**Problem statement**
Search the listing below for the line with "BLOOD PRESSURE MEASUREMENT", then write out that line and every one after it exactly, without the pictures.

(Dataset content Opens)

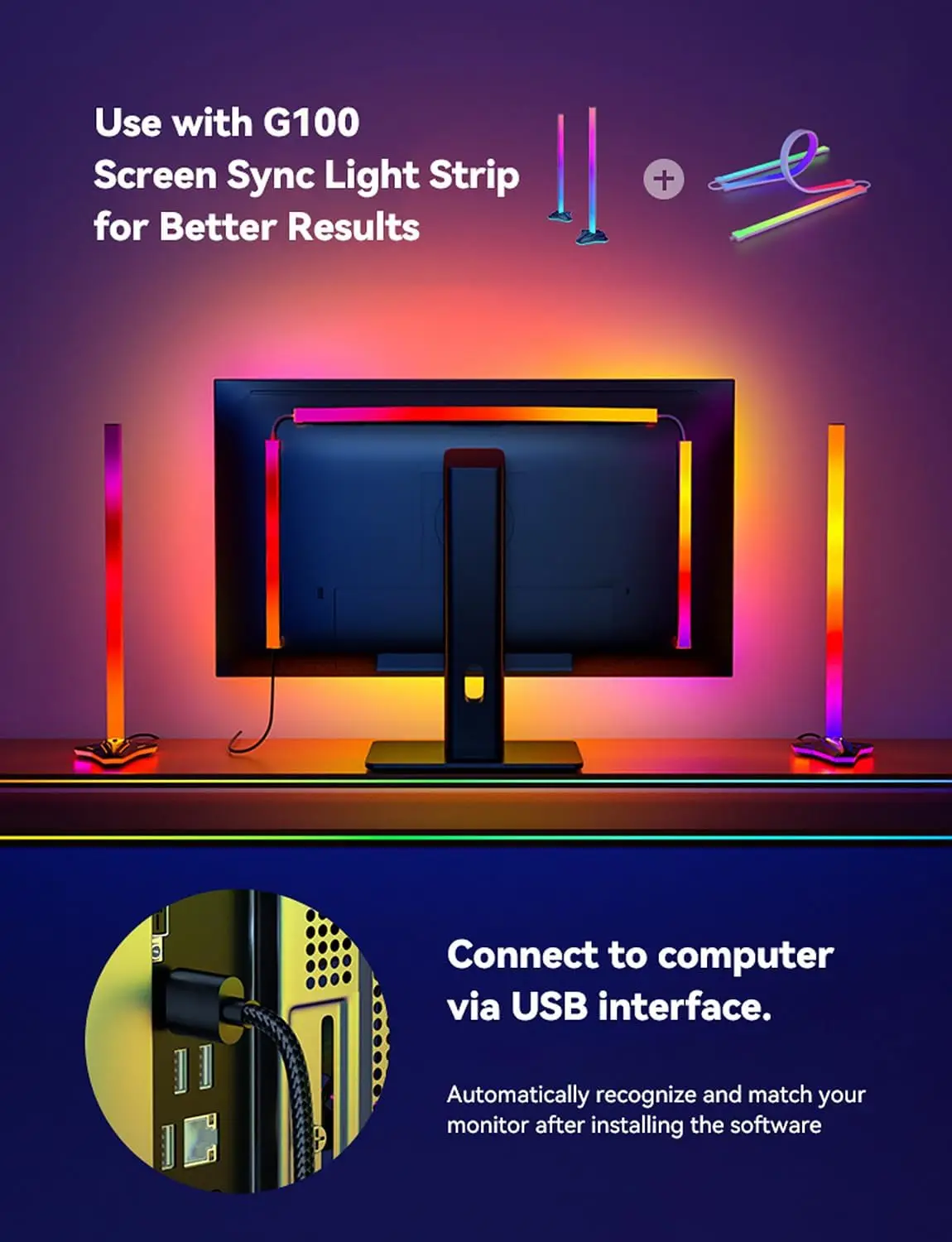 Immersion RGB Backlight Sync with Computer Monitor, USB 5V RGBIC LED Sync with Music for Gaming Room Decor, Christmas Gifts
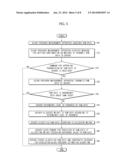 BLOOD PRESSURE MEASUREMENT APPARATUS, GATEWAY, SYSTEM INCLUDING THE SAME,     AND METHOD THEREOF diagram and image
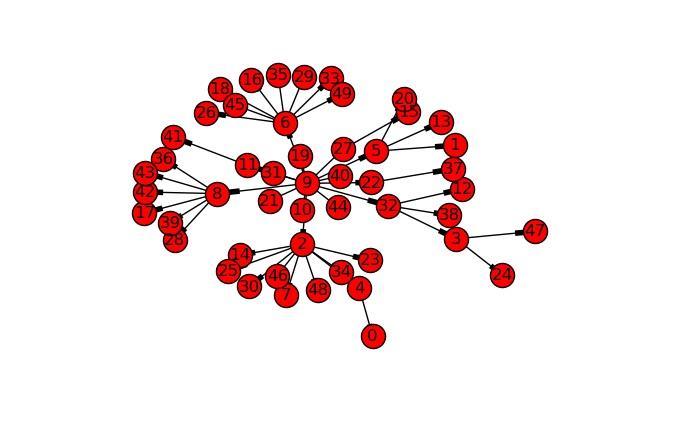 drawing.nx_agraph import graphviz_layout nx.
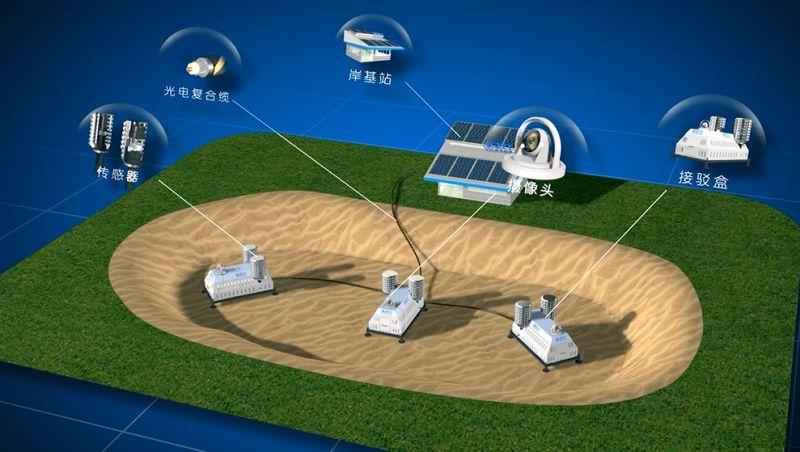 ���Ź��ʹ���-�����ɼ��Ƿ�,����Ʒ�Ƶ�ʵ��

(Dataset content Closes)

**Task solution**
 BLOOD PRESSURE MEASUREMENT APPARATUS, GATEWAY, SYSTEM INCLUDING THE SAME,     AND METHOD THEREOF diagram and image
 drawing.nx_agraph import graphviz_layout nx.
 ���Ź��ʹ���-�����ɼ��Ƿ�,����Ʒ�Ƶ�ʵ��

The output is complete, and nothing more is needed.